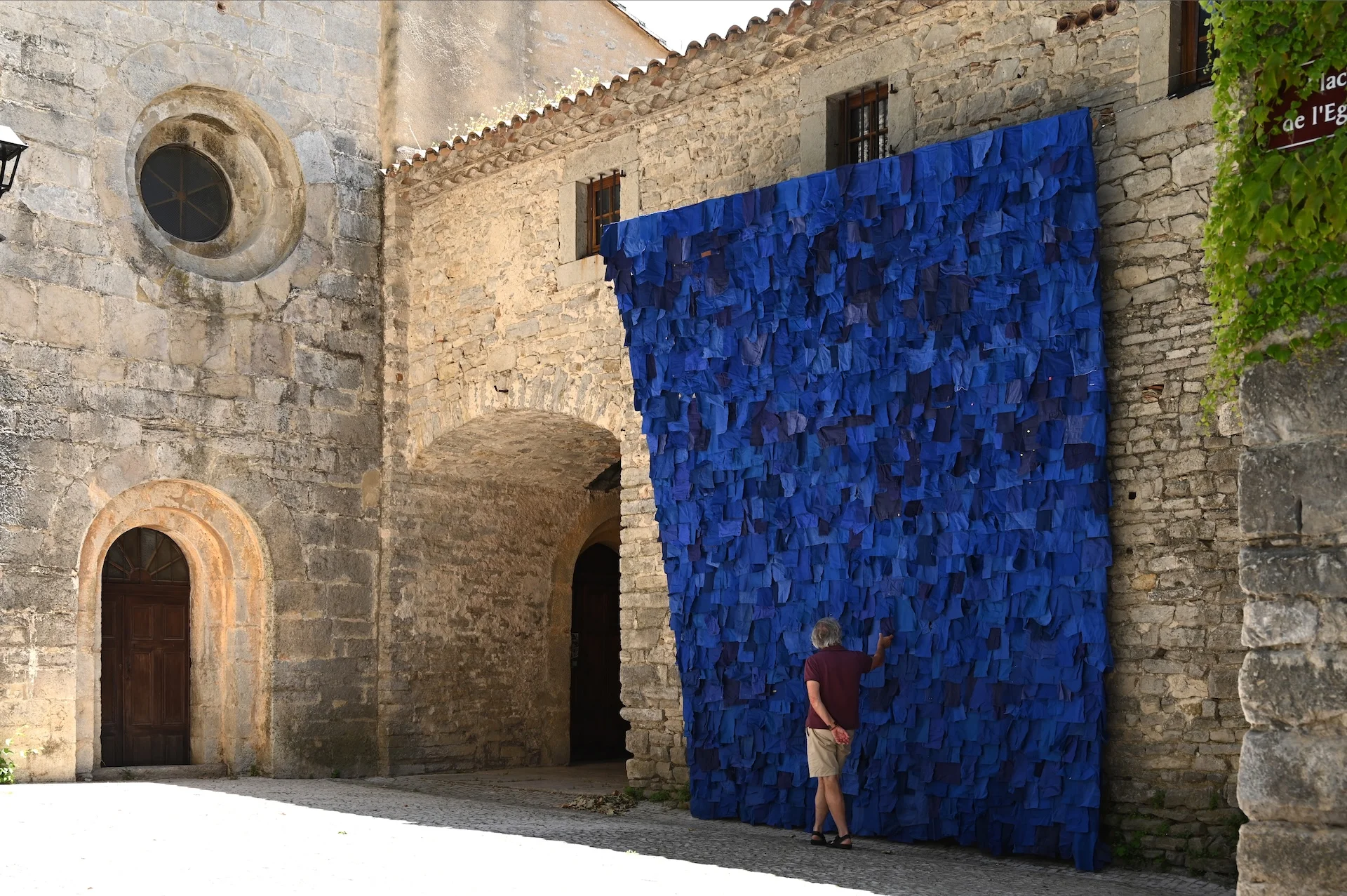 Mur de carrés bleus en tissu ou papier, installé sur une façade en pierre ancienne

--

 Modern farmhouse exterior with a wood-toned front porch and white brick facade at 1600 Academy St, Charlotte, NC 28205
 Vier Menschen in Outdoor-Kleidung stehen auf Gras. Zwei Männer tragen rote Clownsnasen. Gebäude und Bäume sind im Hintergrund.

* * *

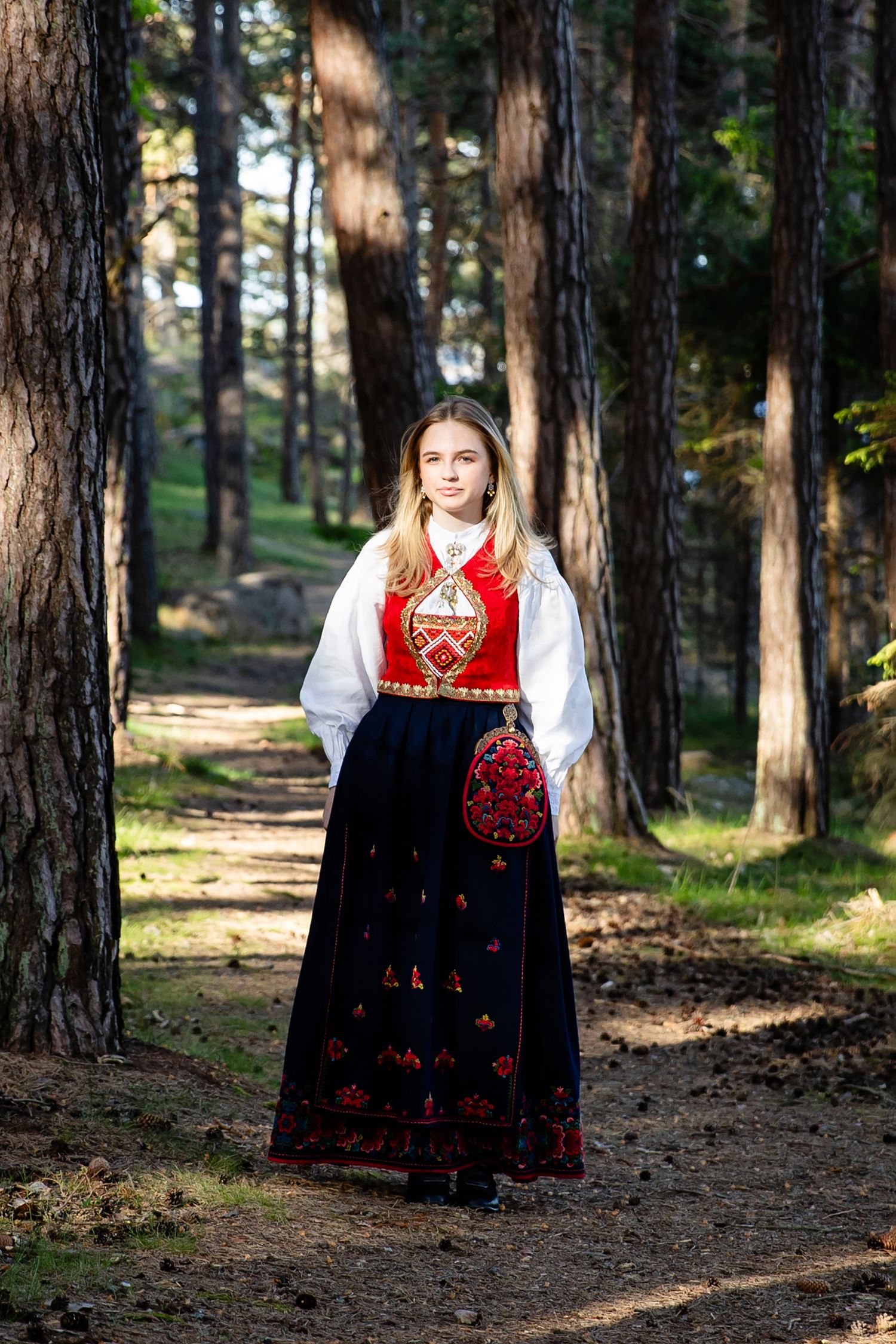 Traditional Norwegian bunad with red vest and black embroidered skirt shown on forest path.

** TASK INSTRUCTIONS **
With the line holding "Modern farmhouse exterior" as the first and the line holding "Vier Menschen in" as the last, set down that range of the entries above exactly, and nothing else.

** COMPLETED EXERCISE **
 Modern farmhouse exterior with a wood-toned front porch and white brick facade at 1600 Academy St, Charlotte, NC 28205
 Vier Menschen in Outdoor-Kleidung stehen auf Gras. Zwei Männer tragen rote Clownsnasen. Gebäude und Bäume sind im Hintergrund.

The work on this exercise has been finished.